EXERCISE DATA:
■ ■ ■ ■ ■

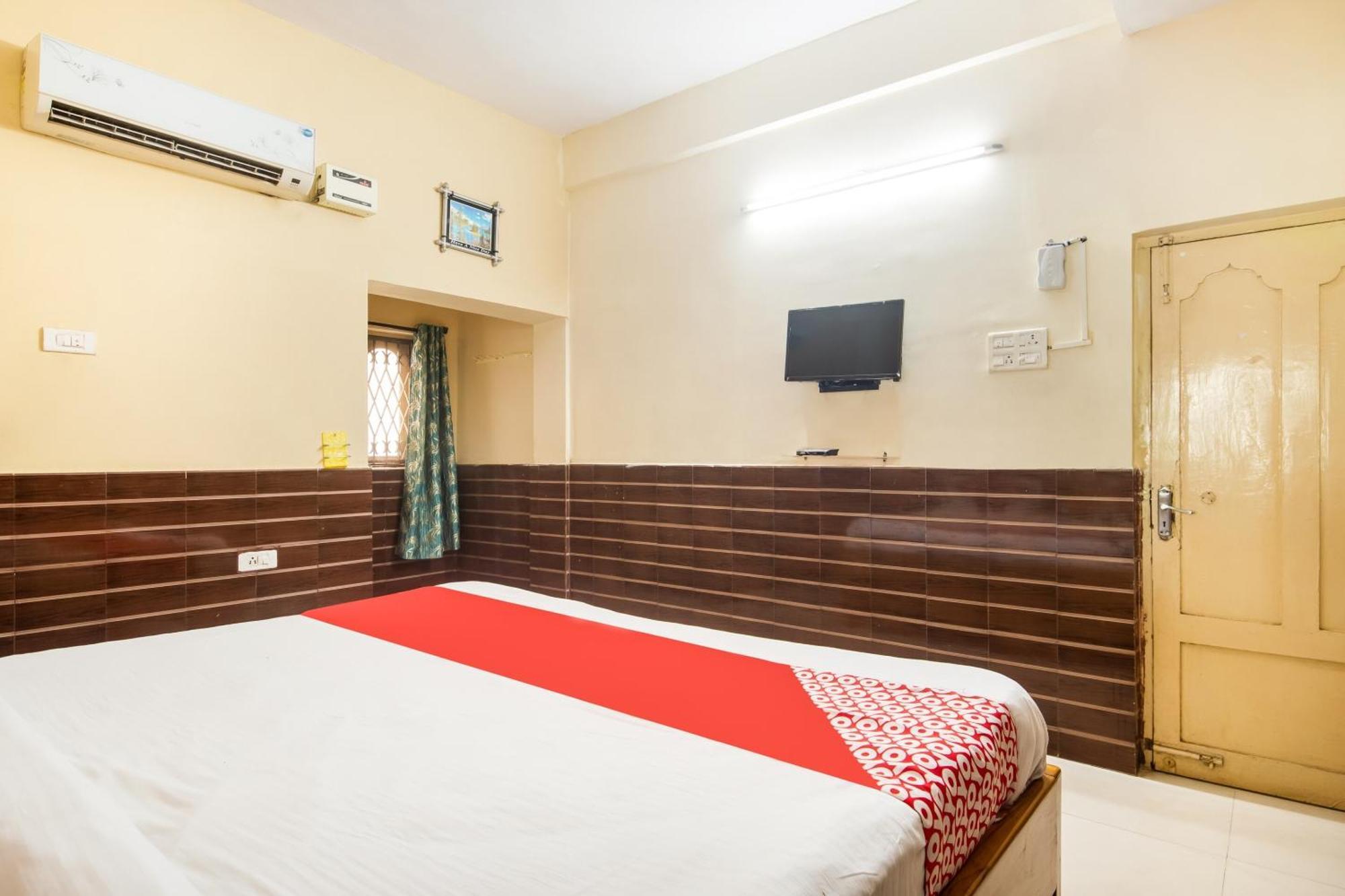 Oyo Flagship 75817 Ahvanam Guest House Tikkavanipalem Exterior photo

■ ■ ■ ■ ■

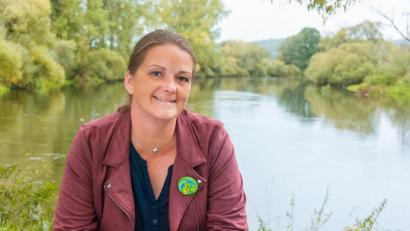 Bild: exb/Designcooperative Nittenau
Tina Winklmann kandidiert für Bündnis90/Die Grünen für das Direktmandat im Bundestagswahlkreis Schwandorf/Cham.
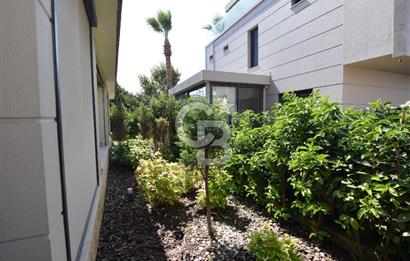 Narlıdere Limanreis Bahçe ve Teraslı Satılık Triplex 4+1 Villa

■ ■ ■ ■ ■

WHAT THE TASK REQUIRES:
From the records above, extract the lines from the one holding "Bild: exb/Designcooperative Nittenau" through the one holding "Narlıdere Limanreis Bahçe", word for word; omit the pictures.

PROBLEM SOLUTION:
 Bild: exb/Designcooperative Nittenau
Tina Winklmann kandidiert für Bündnis90/Die Grünen für das Direktmandat im Bundestagswahlkreis Schwandorf/Cham.
 Narlıdere Limanreis Bahçe ve Teraslı Satılık Triplex 4+1 Villa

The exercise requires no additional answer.